Business For Britain said its analysis of Government impact assessment showed that net costs to UK firms of laws that can be attributed to the Lisbon Treaty amount to £12.2 billion.
But pro-European groups have slammed the report as misleading, with one research group saying the money would have been spent by the companies anyway, EU or no EU.
The majority of the cost can be attributed to green regulations brought in under the treaty which was enacted in 2009, the group found.
The most expensive law requires car manufacturers to comply with EU emissions standards and has cost British companies £7.4 billion, the analysis showed.
Laws requiring firms to reduce their greenhouse gas emissions have so far cost firms £3 billion.
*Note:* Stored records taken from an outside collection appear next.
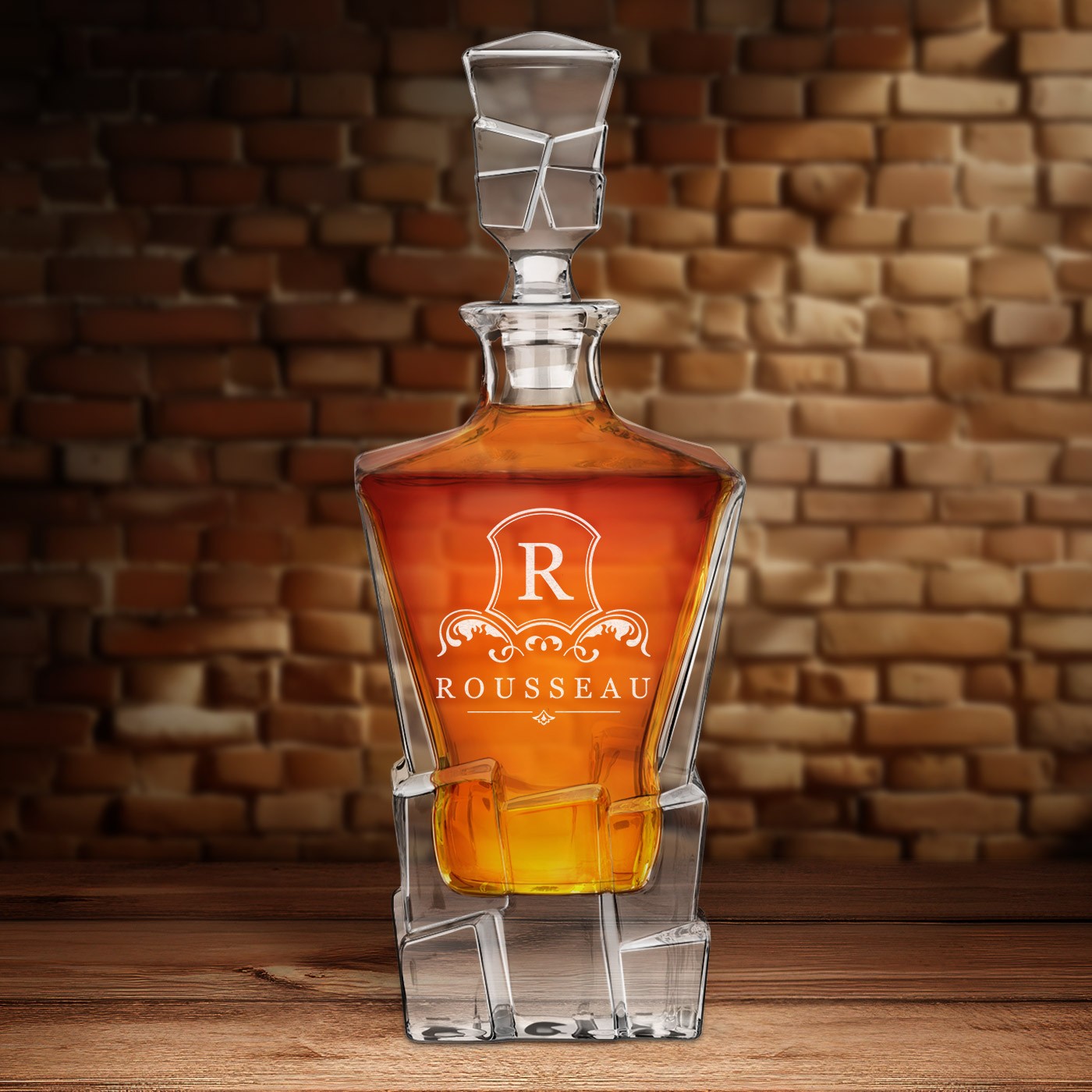 Carafa de whisky Murrano Ice Blink con grabado láser para hombre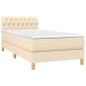vidaXL Cama box spring con colchón y LED tela crema 90x190 cm vidaXL Cama box spring con colchón y LED tela crema 90x190 cm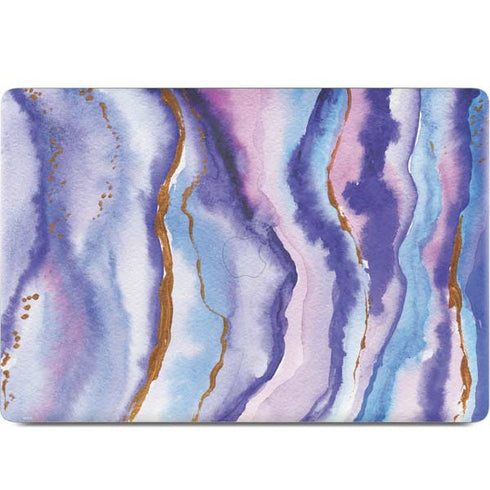 Blue Violet Watercolor Geode MacBook Skins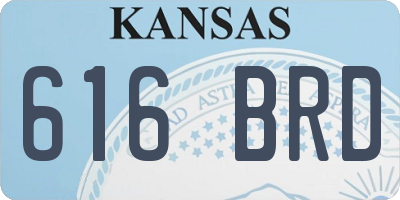 KS license plate 616BRD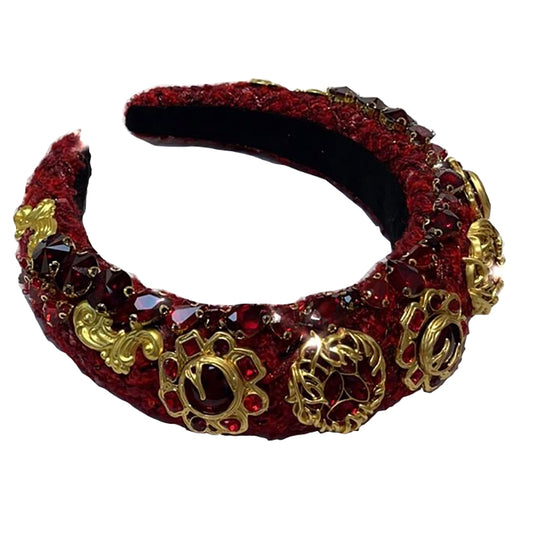 Lady-level high-end red rhinestone headband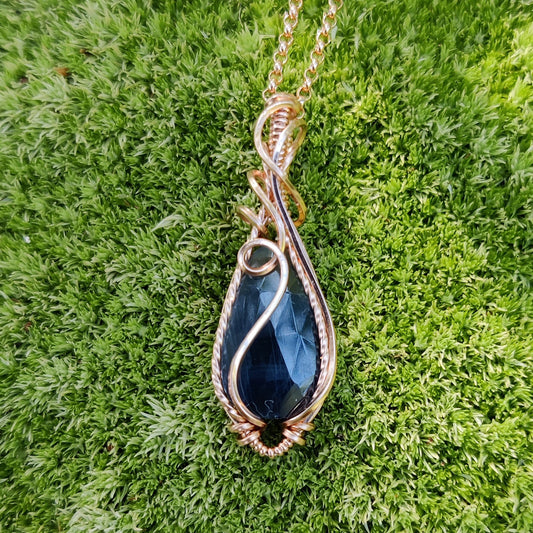 September Blue Sapphire in 14k Rose Gold Fill Pendant Necklace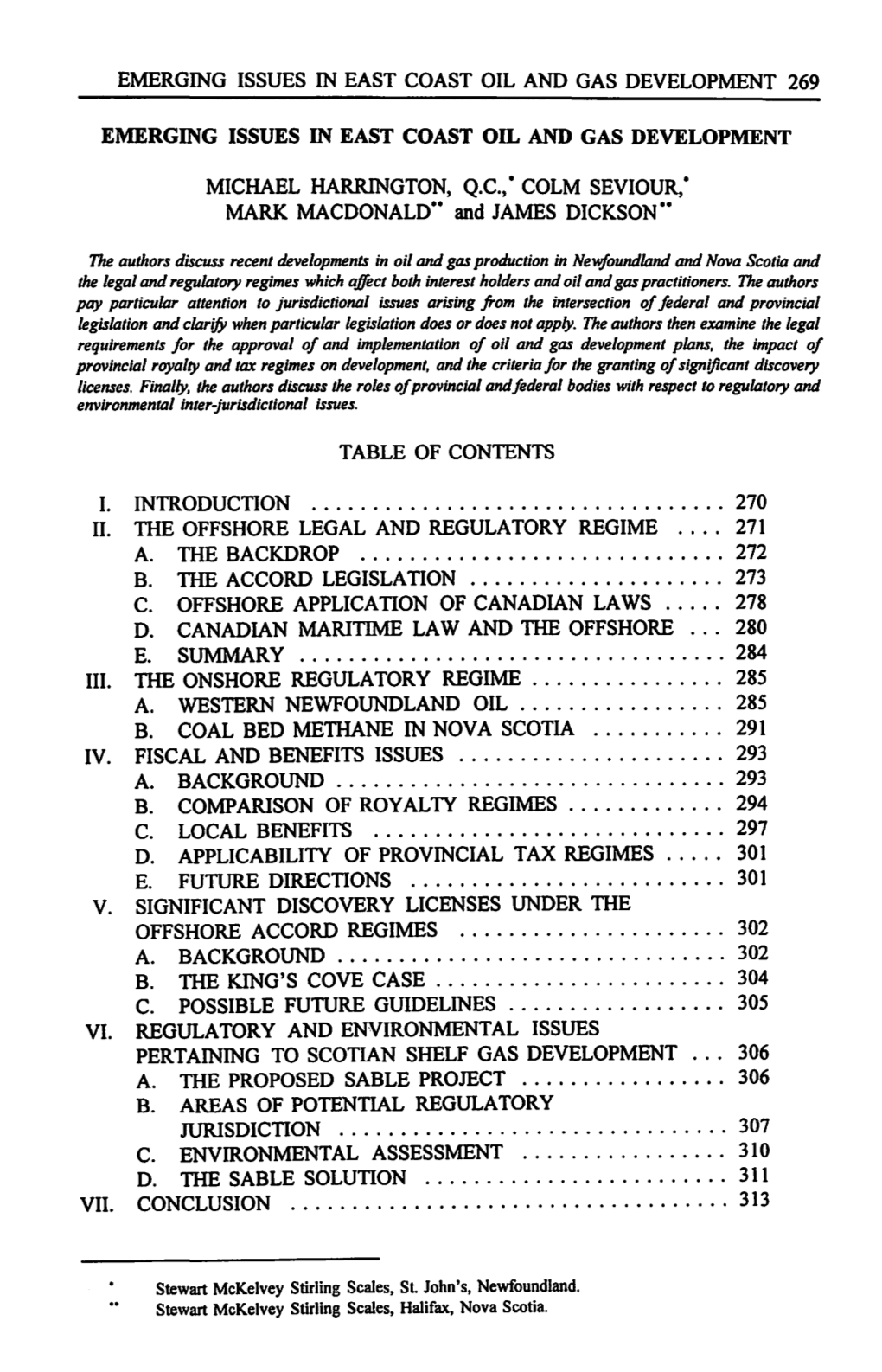 Emerging Issues in East Coast Oil and Gas Development 269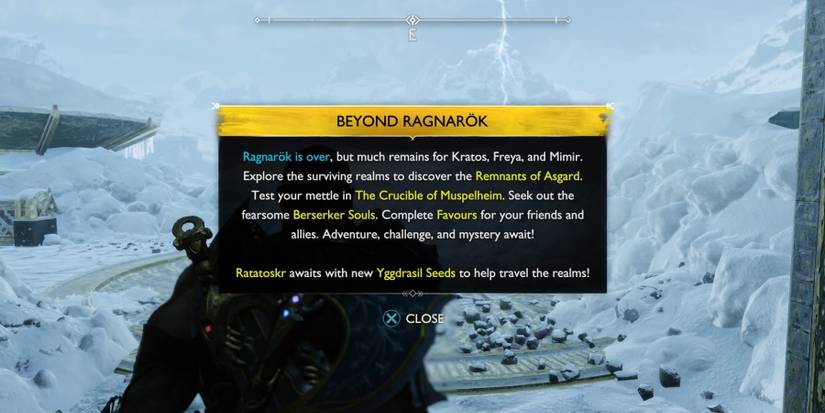 God of War Ragnarok post-game prompt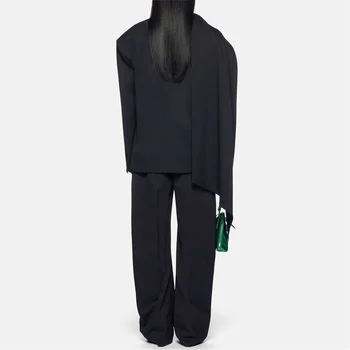 женский блейзер 2023 осень новая корейская мода женская куртка асимметричный большой имя с длинными рукавами топ повседневное пальто бесплатная доставка traf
Meanwhile, harmonisation of components that go into motor vehicles has so far cost UK businesses £294 million while standardisation of battery production has cost £40 million, the campaigners said.
The group claimed the final cost to British businesses of laws arising from the treaty is estimated to be £96.5 billion.
Matthew Elliott, Business for Britain's chief executive, said: "The Lisbon Treaty was hugely unpopular at the time and we can now see that it has increased the cost of doing business in Britain.
"Our research makes a compelling case for the Government to use the forthcoming renegotiation to reverse some of the most expensive provisions of the Lisbon Treaty."
Research carried out by the Centre for Economic and Business Research for British Influence indicated that trade with the EU was worth £207 billion a year to the UK.
Peter Wilding, director of British Influence, said: "Britain is leading the way in Europe in efforts to cut 'red tape' laws that can hamper businesses from operating efficiently.
"But almost 85% of the £12 billion potential costs identified by Business for Britain would come from efforts to reduce CO2 emissions. The UK has often set stricter targets for itself than the EU so we may well have these types of rules regardless of the EU.
"We must keep our eye on the bigger prize that is the £207 billion a year of trade with have with EU states."
Pro-European campaign group Business for New Europe also criticised the Business for Britain report.
Alisdair McIntosh, director of Business for New Europe, said: "The report seems designed to paint a distorted picture of regulation and lay it all at the door of 'Europe'."
He added: "The UK Government is taking a targeted approach to reducing the bureaucratic burden, and the European Commission itself has also adopted this approach. This is the way forward not sweeping generalisation and scaremongering."